Medical supplies were delivered to these regions: Amazonas, Áncash, Apurímac, Cajamarca, Callao, Cusco, Huancavelica, Ica, Junín, La Libertad, Lambayeque, Lima Region, Pasco, Piura, Puno, Tacna and Ucayali.
In Metropolitan Lima, a total of 327,020 pieces of personal protection equipment and 7,830 medicines were sent to the Arzobispo Loayza National Hospital, San Juan de Lurigancho Hospital, Cayetano Heredia National Hospital and the Directorate of Integrated Health Networks – DIRIS Lima Centro, Lima Este and Lima Norte.
Nine New Care Center Established in Cusco
Nine fixed care centers for cases of COVID-19 are being implemented by the Regional Health Directorate (Diresa) of Cusco in this city and in the capital of the province of Quispiscanchis where the diagnosis, treatment and timely follow-up of patients will be carried out.
According to Diresa’s deputy director, Javier Ramírez, this will prevent people infected with the virus from reaching hospitals in a critical situation and often ending up dying.

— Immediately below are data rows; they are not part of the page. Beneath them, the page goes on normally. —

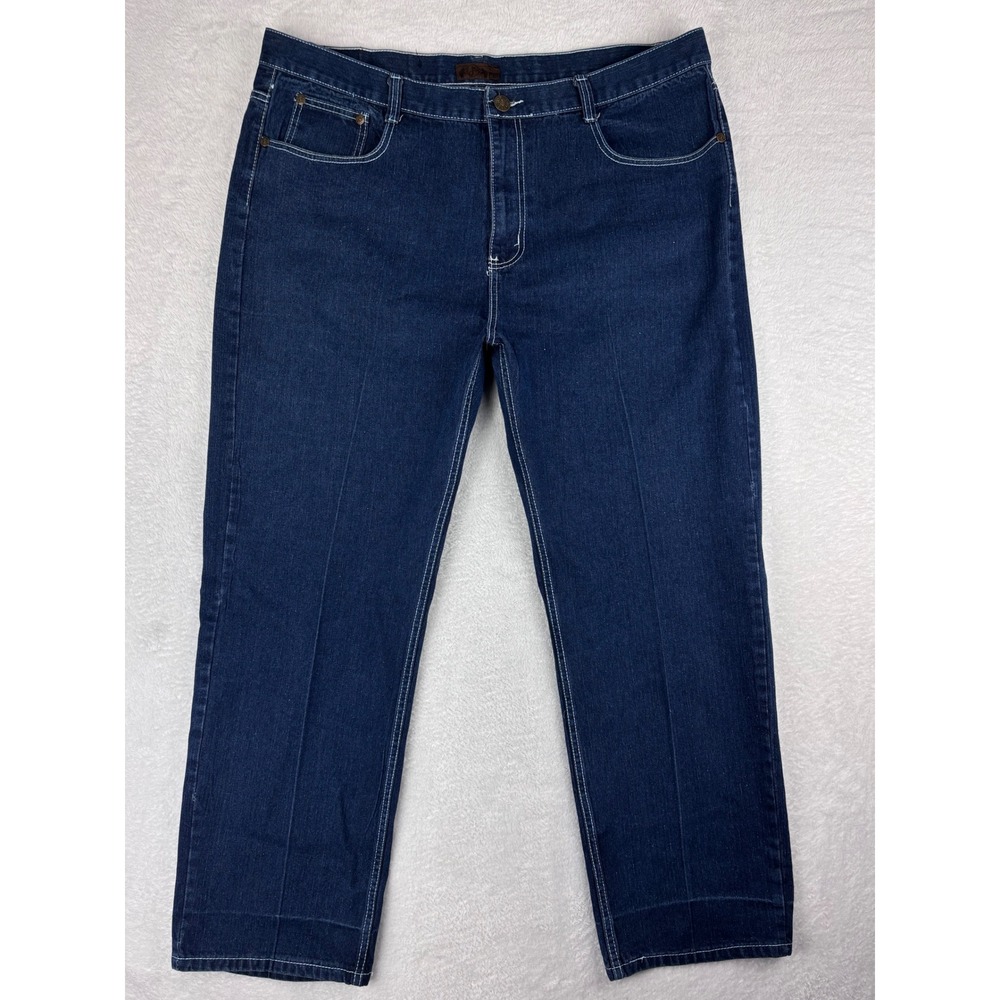 Jean Station Denim Jeans Straight Leg Dark‎ Wash Cotton Blend Mens Size 46/32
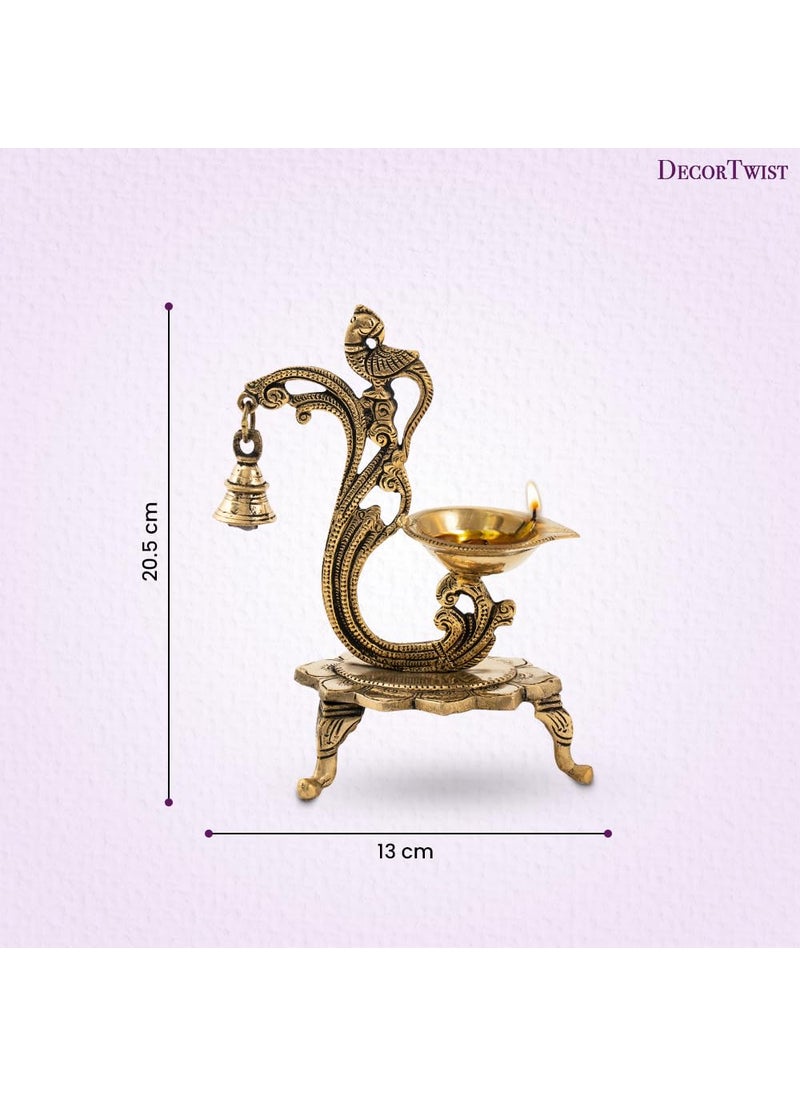DecorTwist Brass Diya for Puja 8 Inch 700 Grams Pack of 1 Pure Brass Ethnic Carved Peacock Design Diya with Bell in Gold Antique Finish Oil Lamp Diya for Diwali Home Temple Diwali Decoration Item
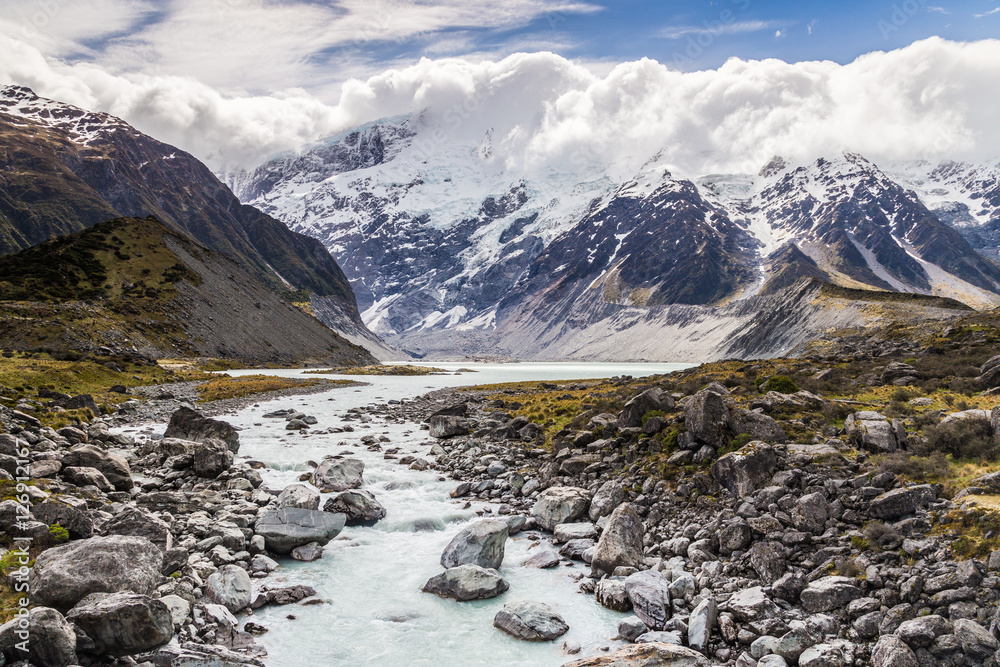 Hooker River view at Hooker Valley Track, Mount Cook National Pa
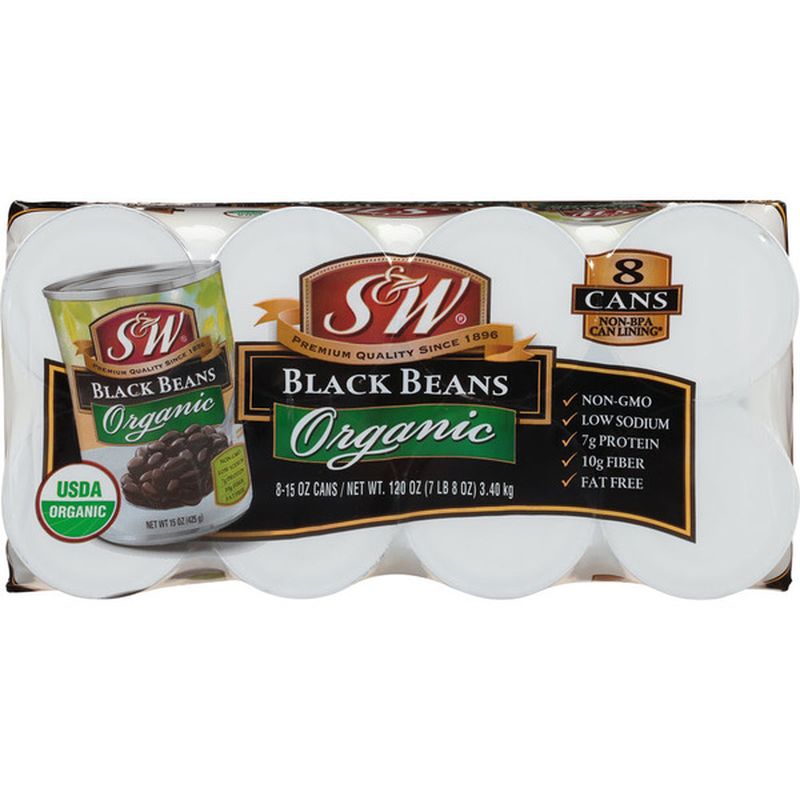 S&W Organic Black Beans, 8 pack (15 oz) Instacart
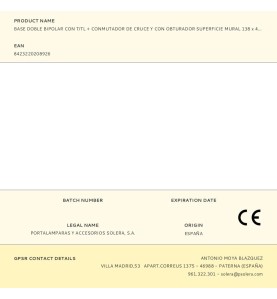 Base doble bipolar con t/tl + conmutador de cruce y con obturador superficie mural 138 x 42 x 72 mm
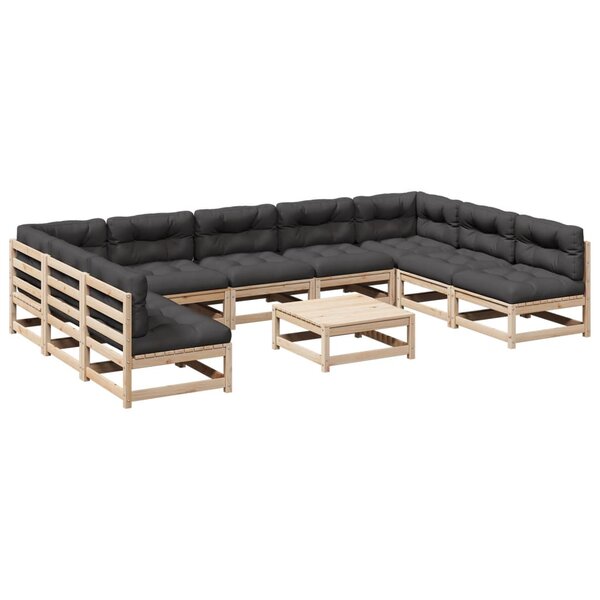 vidaXL Salon de jardin 10 Pièces avec coussins bois de pin massif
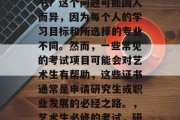 艺术生毕业后考什么证书？这个问题可能因人而异，因为每个人的学习目标和所选择的专业不同。然而，一些常见的考试项目可能会对艺术生有帮助，这些证书通常是申请研究生或职业发展的必经之路。，艺术生必修的考试，研究生文凭与专业认证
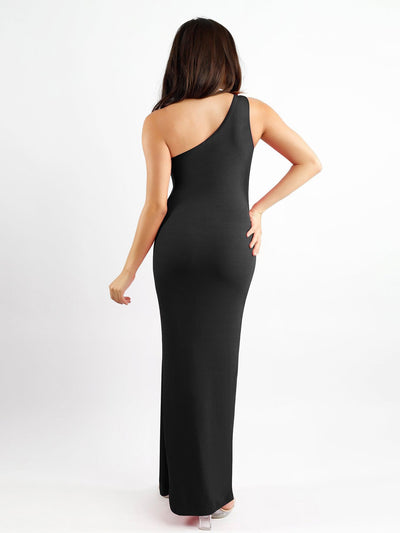 Shapewear Modal One Shoulder Front Slit Slimming Maxi Dress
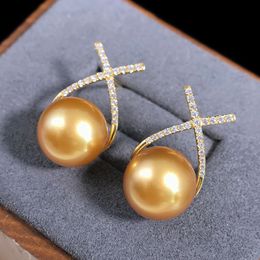 Fashion Jewellery Mini Pearl Earrings Crossed Rhinstone Stud Earring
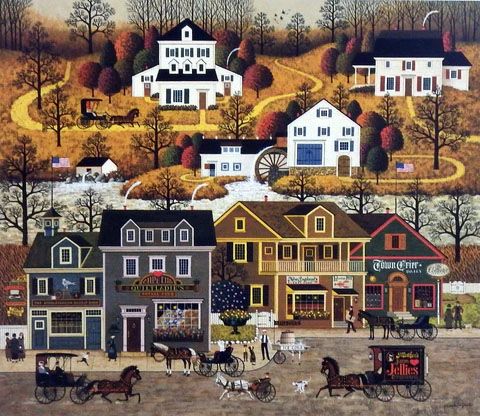 Charles Wysocki Print-Signed and Numbered:"Hawk River Hollow"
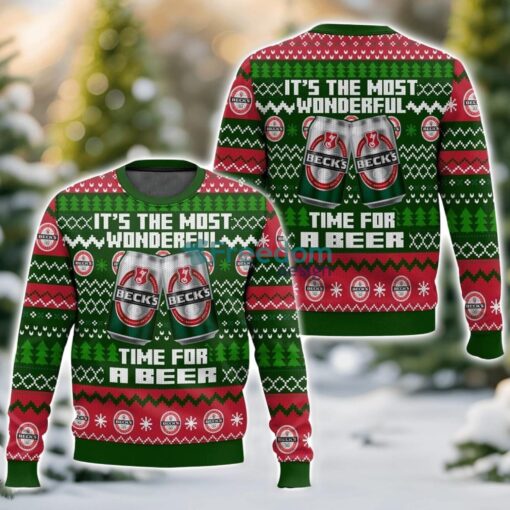 Beck’s It’s the Most Wonderful time for a Beer 3D Ugly Christmas Sweater Unisex Sweater Christmas Gift Product Photo 1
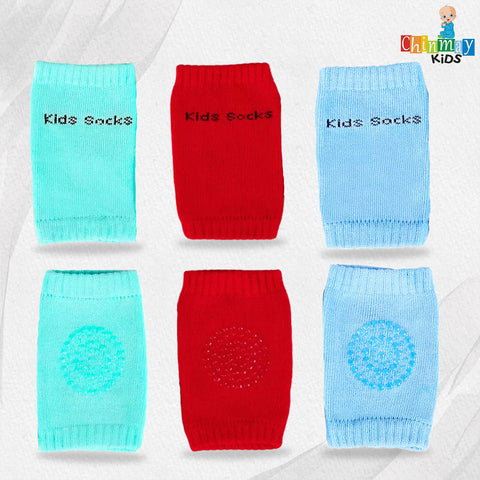 Chinmay Kids Knee Pads for Crawling – Anti-Slip Padded, Stretchable Elastic Cotton Safety Protectors for Knees and Elbows | Pack of 3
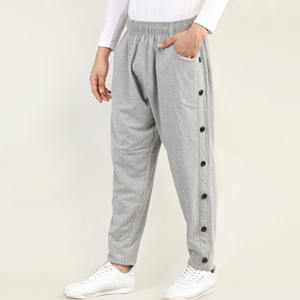 Wholesale Men's High Waist <b>Elastic</b> <b>Trousers</b> Custom Logo Straight Leg Pants with Side Split Hem Summer Casual Sportswear OEM - Product Image 2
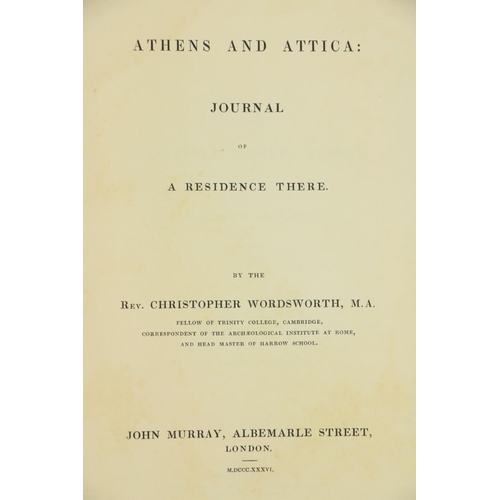 465 - Presentation Copy with Letter from Author Wordsworth (Christopher) Athens and Attica: Jour... 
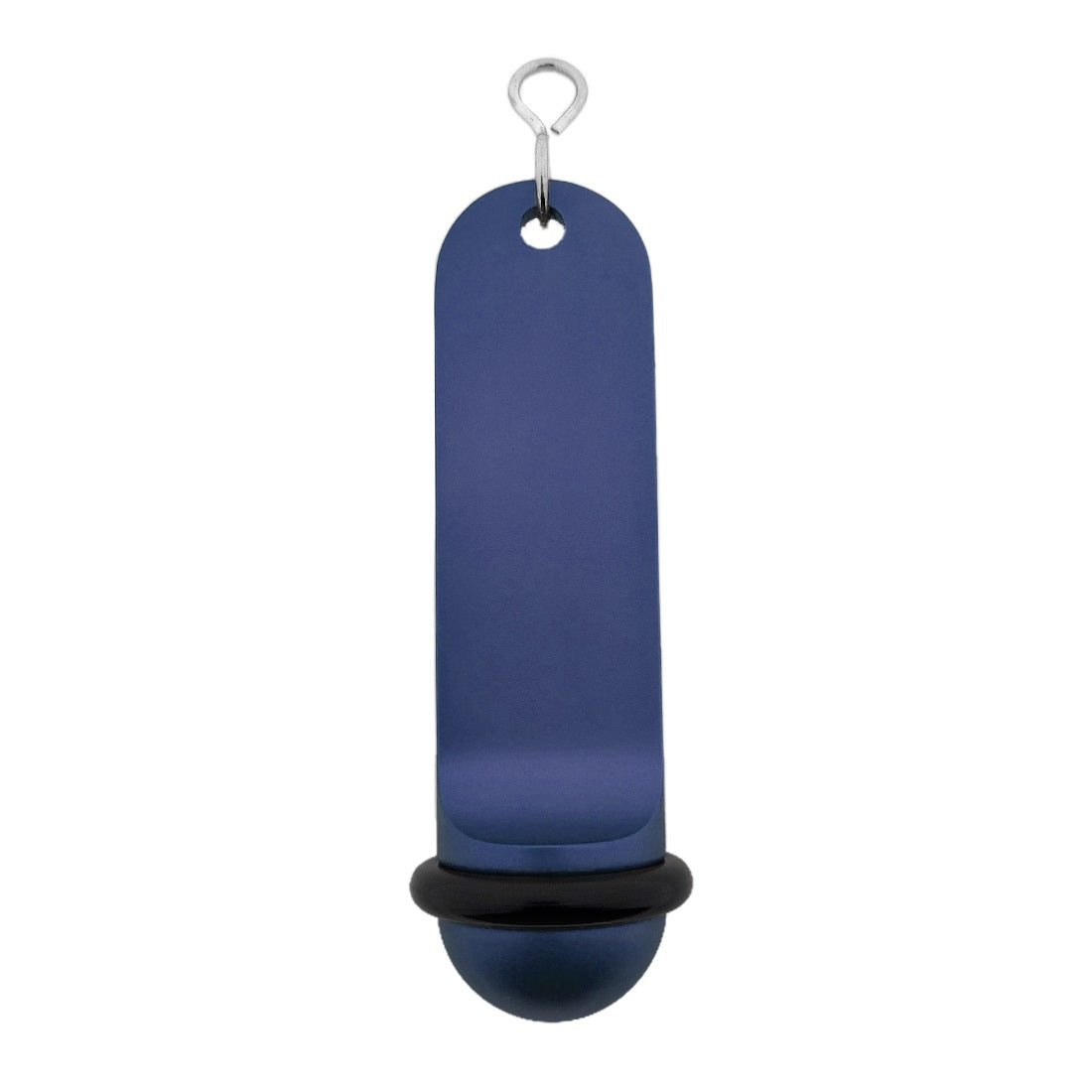 Front view of the large plain blue retro hotel key tag (100x50mm) with a silver S-hook fastener and black rubber ring.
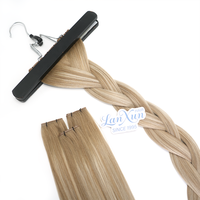 Ekstensi Rambut Manusia Remy Burma Lan Xun Hair Double Drawn Genius Weft Invisible 60g Berat 26 Inch Private Label
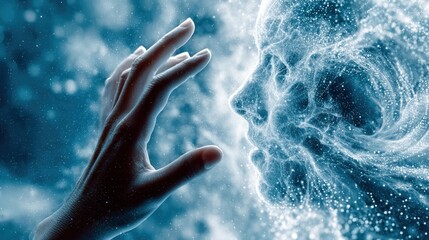 Fototapeta premium Reaching for understanding abstract concept illustration
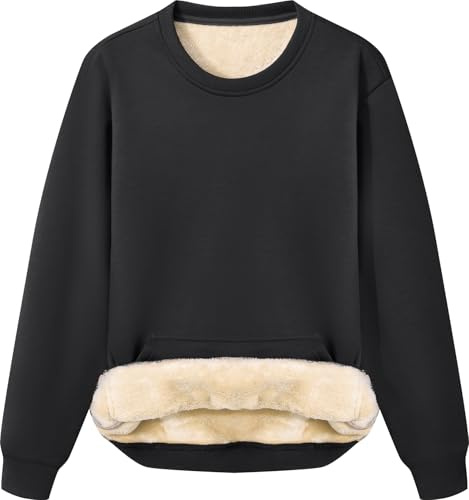 Peakwell Women's Fleece Lined Sweatshirts Jumper Winter Sweaters Pullover | Fleece Lined, Sherpa-Lined, Thermal, Long Sleeve, Crew Neck, Warm, Thick, Casual, Lounge Wear, Streetwear, Leisure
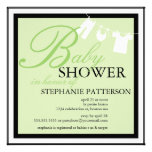 Elegant Baby Shower Clothes Line Green Invitation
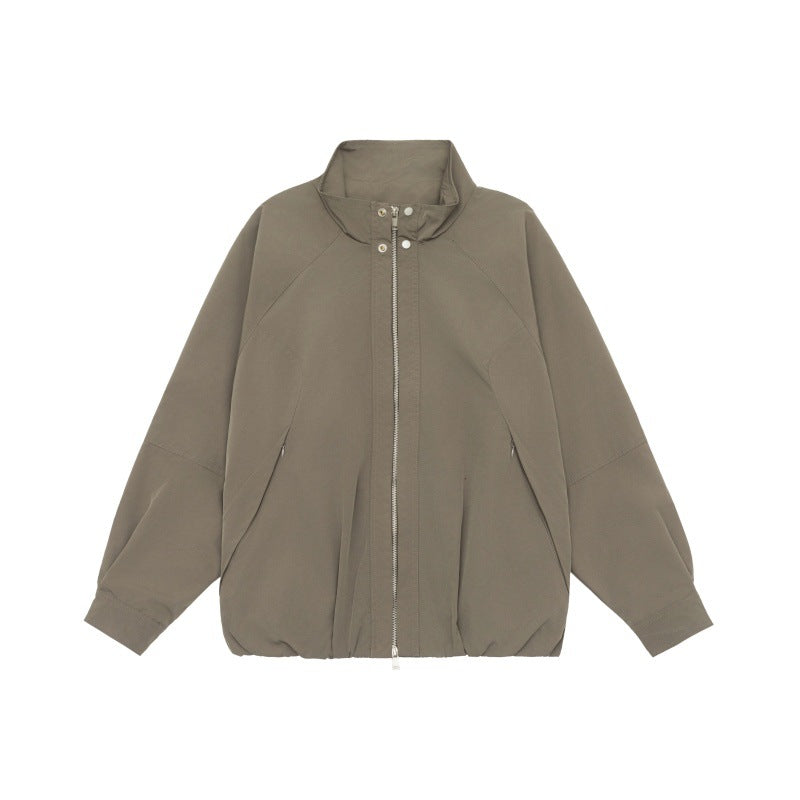 Damen Leichte Raglan-Bomberjacke mit Stehkragen und elastischem Saum Drune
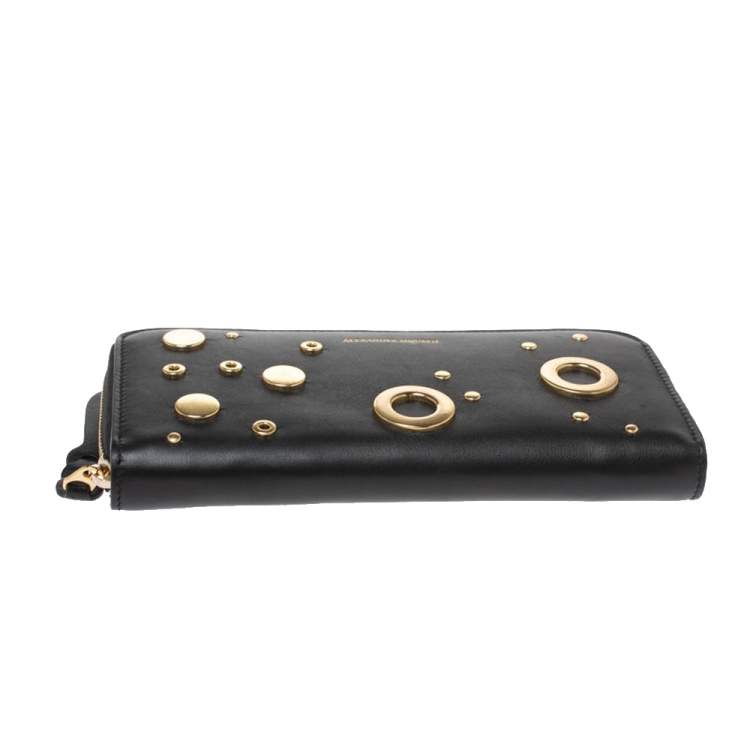 Pre Owned Alexander McQueen Black Leather Eyelet Zip Around Wallet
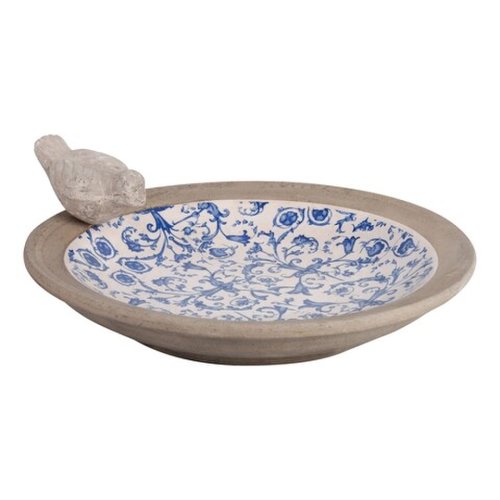Hranitor/baie pentru pasari, esschert, aged, 33.5 x 10.8 cm, ceramica, multicolor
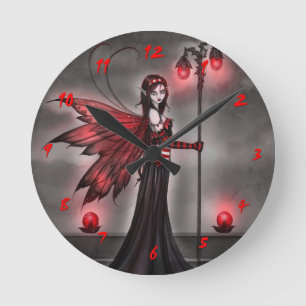 Gothic Ruby Fantasy Feeërie Kunstklok Ronde Klok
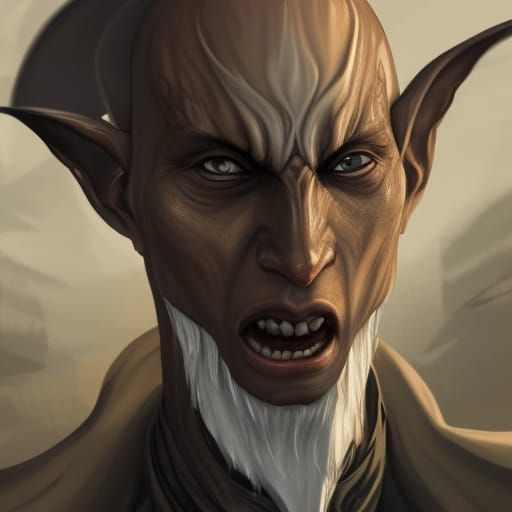 Dark Jedi Elf in Hyperrealistic Splash Art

This measure has provided for the mobilization of inputs, such as rapid and molecular tests: in addition to drugs such as ivermectin, azithromycin and others, to the first response health centers.
Ramírez indicated that at these points, screening will be done to differentiate between common colds, respiratory infections and COVID-19, diseases that have similar symptoms.
The health centers that will start with care for mild patients with COVID-19 are San Jerónimo, San Sebastián, Santa Rosa, Ttio, Belempampa, Manco Ccapac, Wanchaq, Urcos and the hospital in Tupac Amaru.
Misc News Highlights
- Acción Popular congressman leaves open the possibility of asking for Martin Vizcarra’s resgination In an interview with RPP Noticias, Jesus Arapa said that this path would be a “sanction” if the government “continues to make a mistake in carrying out a policy…”
- The Ayacucho region recorded the highest number of cases of coronavirus in one day. According to the official report of the Health Directorate, 275 new infections were reported in the last 24 hours, and in this same period of time eight people died from the disease.
- The governor of the Cajamarca region, Mesías Guevara, announced told RPP Noticias that the first medical oxygen plant in the department will be inaugurated next weekend with the support of the Yanacocha mining company.
- The medical staff of the Hospital II de EsSalud in Huánuco will be holding a sit-in this Wednesday. They denounce the lack of implementation of the ‘white hospital’ for COVID-19 patients in the region and demand the installation of 20 ICU beds, the sending of specialist doctors, personal protection equipment, medicines and medical oxygen bottles.
- Health workers who care for COVID-19 patients demand payment of their wages. A group of 500 workers (nurses, nursing technicians, medical technologists, among others) claim that the Regional Government of Lambayeque owes them 4 to 5 months of their wages.